Data Block Start
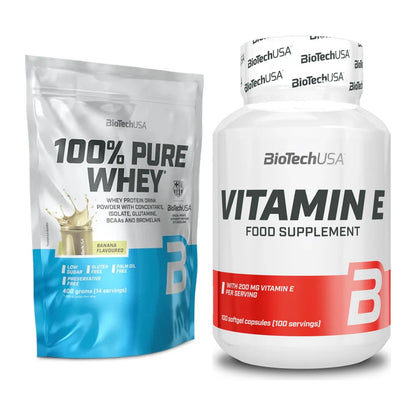 Basis-Set: BioTech 100% Pure Whey + BioTech Vitamin E 100 Softgelcaps – alle enthaltenen Artikel
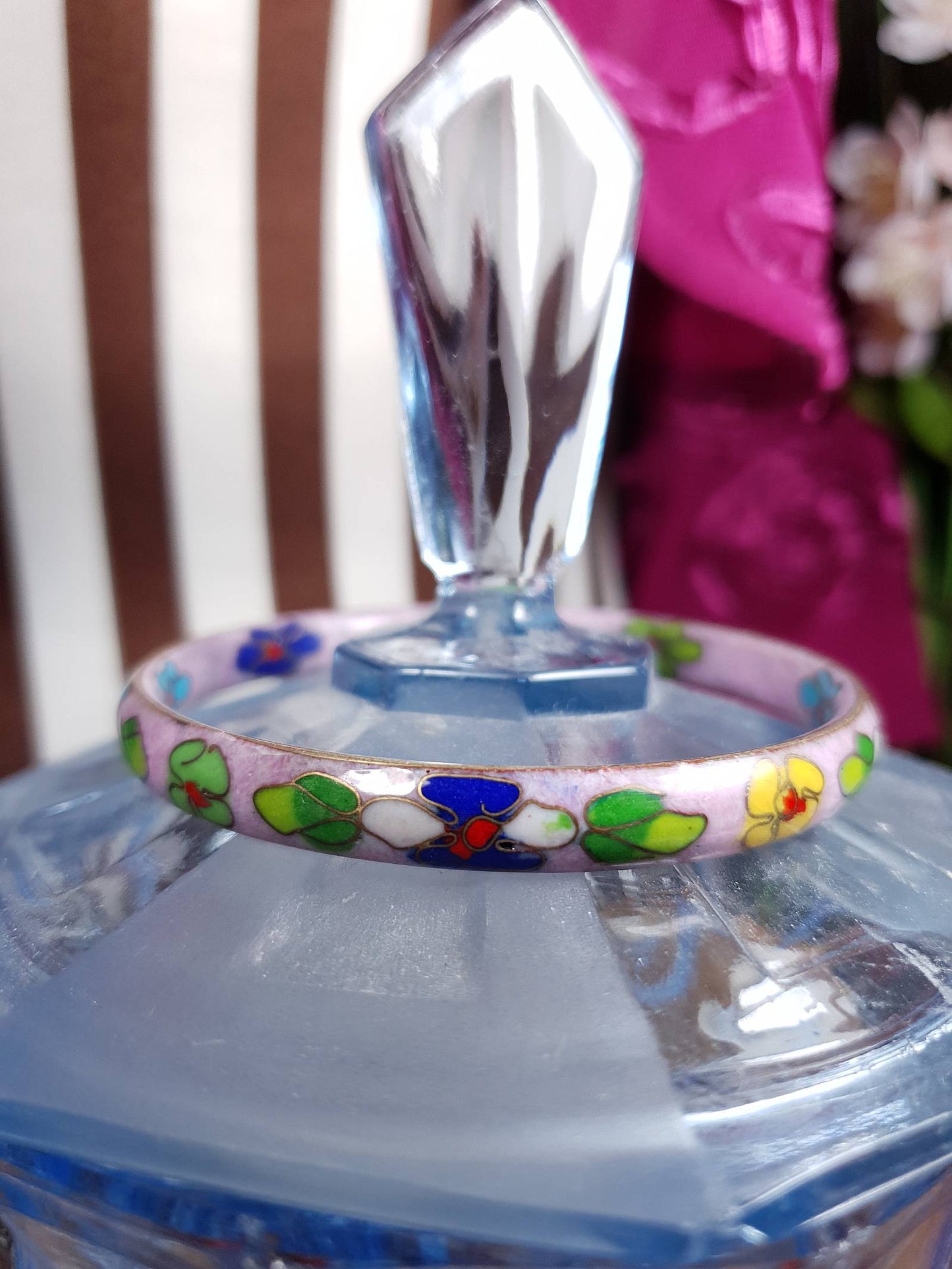 Vintage 1970s Cloisonne Flower Bracelet Bangle Lilac Floral Boho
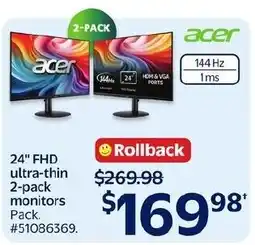 Walmart Acer 24" FHD ultra-thin monitors offer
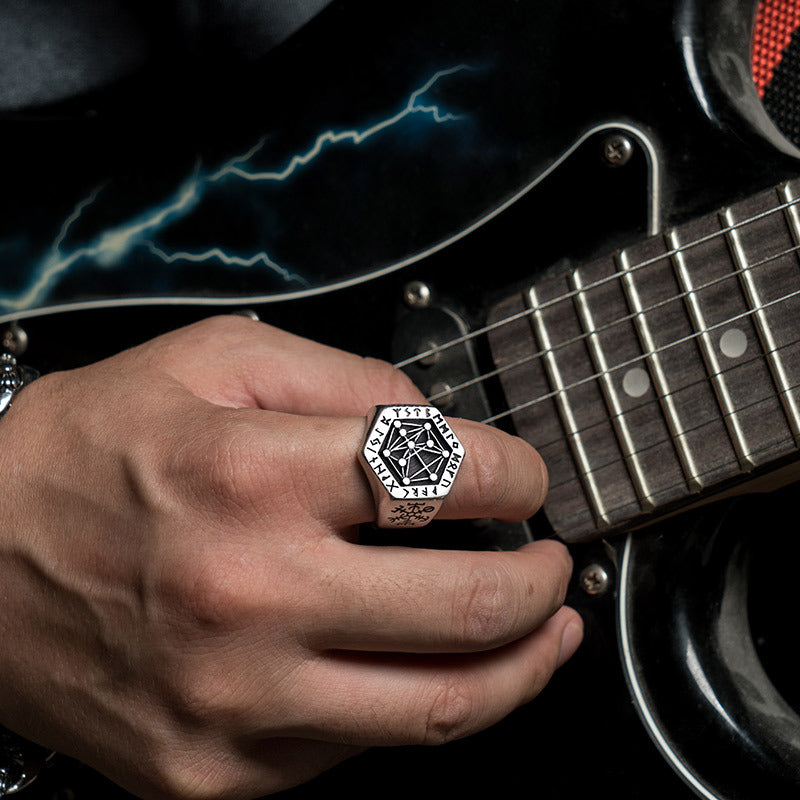 Nordic Viking Ancient Symbol Steel Ring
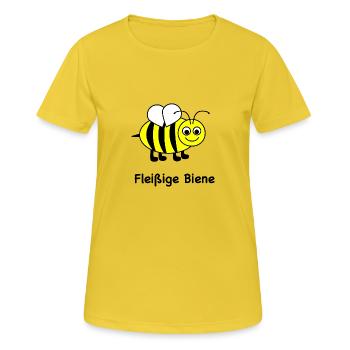 Fleissige Biene - Frauen T-Shirt atmungsaktiv - Sonnengelb - Vorne - AI Model Female 172 dark (172cm)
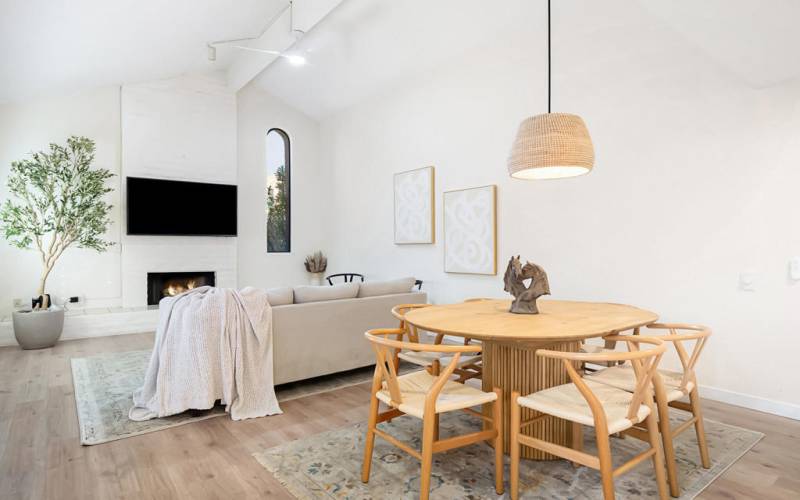 living room/dining room open floor plan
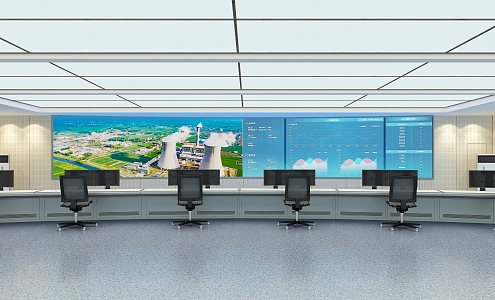 Modern monitoring room control room monitoring command center display screen console display screen 3d model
Data Block End
**How to complete this task:** When you repeat the listing, keep it exact and leave the pictures behind.

**Expected answer:**
 Basis-Set: BioTech 100% Pure Whey + BioTech Vitamin E 100 Softgelcaps – alle enthaltenen Artikel
 Vintage 1970s Cloisonne Flower Bracelet Bangle Lilac Floral Boho
 Walmart Acer 24" FHD ultra-thin monitors offer
 Nordic Viking Ancient Symbol Steel Ring
 Fleissige Biene - Frauen T-Shirt atmungsaktiv - Sonnengelb - Vorne - AI Model Female 172 dark (172cm)
 living room/dining room open floor plan
 Modern monitoring room control room monitoring command center display screen console display screen 3d model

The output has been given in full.